We made these for Halloween, but you can do them whenever. This is a fairly low cost project, particularly if you buy the bandannas in packages of ten.

You will need:
100% cotton bandannas in white
Crayons (Don’t be cheap. Buy Crayolas.)
An iron.
White paper towels.

Have the kids draw whatever they want on their bandannas. Make sure they understand that this is a project for crayons only. Markers will not work. I have a couple of simple line-drawing books for inspiration and examples. They should color heavily for better results.

Once they’ve finished with the bandannas, your job is to take them home and iron the wax off and the colors in. Put some old rags or towels on your ironing board to protect it. Put one bandanna on the board at a time, cover them with a few paper towels, and iron them on a high setting, without moisture. Some wax and possibly pigment will come off on the bandanna.

Once you’ve ironed each bandanna like this, you are done. Give them back to the kids.

Bandannas can be washed in cold water, and hung to dry. The colors might fade a bit, but the kids can just fill them in again, and ask an adult to redo the ironing stage.

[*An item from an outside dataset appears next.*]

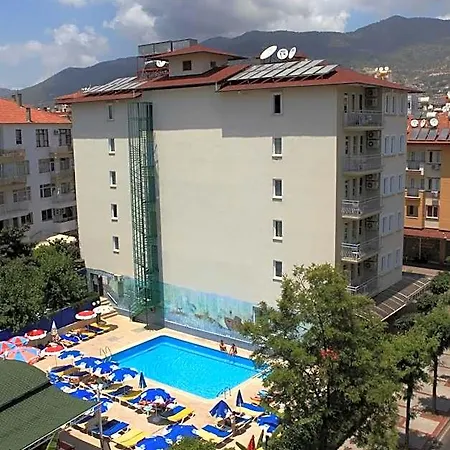 Apartahotel Narcis 4*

Basically, what I learned was that regular crayons will work on 100% cotton. You do not need to pay extra for special crayons!! You could use this to make decorative pillows or bulletin board covers, or quilt squares. What else can you think of?

Paper Bag Puppets

Part of the challenge of planning for AM club is that the kids all come in at different times. So any activity that I do has to be low-instruction, so that the kids can just sort of start when they get there. It also has to be high-enough interest for the older kids, and simple enough for the lower kids.

I stockpiled an assortment of materials for our first project together: Paper Bag Puppets. Only two of the students were not interested in the activity, so I feel like I did pretty well. Here’s what I stocked up on:

Lunchbags
Scissors
Glue
Crayons
Markers
Construction Paper
Self-Adhesive Foam Stickers
Feathers
Mixed confetti

The day before, I read them The Araboolies of Liberty Street, which has lots of colorful characters. I am not sure that it directly inspired anything, but it did give them a sense that they had some creative freedom to make their puppets look however they wanted. I didn’t have googly eyes, which I felt bad about until I saw how creatively the students used the foam shapes to make their eyes. One student came early because she knew it was craft day. One of the kindergartners spent a whole hour on her puppet. Even one or two of the boys was into it.

I have some really great photos of the kids with their projects. I’ll try to edit a few so to avoid faces, and share them.

Where Did All These Munchkins Come From?

My college education(s) did not exactly prepare me for the work I found this fall. My early childhood classes were before I started on the second bachelor’s degree, so I don’t have a lot of those resources still lying around. As for the recreation leader thing? Uh, a few of the things we did in my class on teaching adaptive physical education might apply.

I’m a good teacher, though. I love kids of all shapes, sizes, colors, and abilities. I love challenges and the opportunities they present for growth. So when faced with two positions that had not really been in my employment plan, I refused to panic.

I picked up child development books at used bookstores. I got Dr. Jean’s Preschool Teacher Survival Guide. I dug a dusty old box of children’s books out of the back of the basement. I rummaged through the doors of my memory for the games we played at Girl Scout Camp. I found tag games on the internet, and started buying strange odds and ends at the grocery store, the craft store, and the drug store.

The first few weeks have gone pretty well, actually. All the people I work with have lots of experience with the kids and have been really helpful. And I’ve found some things the kids really enjoy.

What kids really enjoy, by the way, is dodgeball. They will play dodgeball until the whole group is black and blue and in tears, if you let them. This is the last time this blog will mention dodgeball.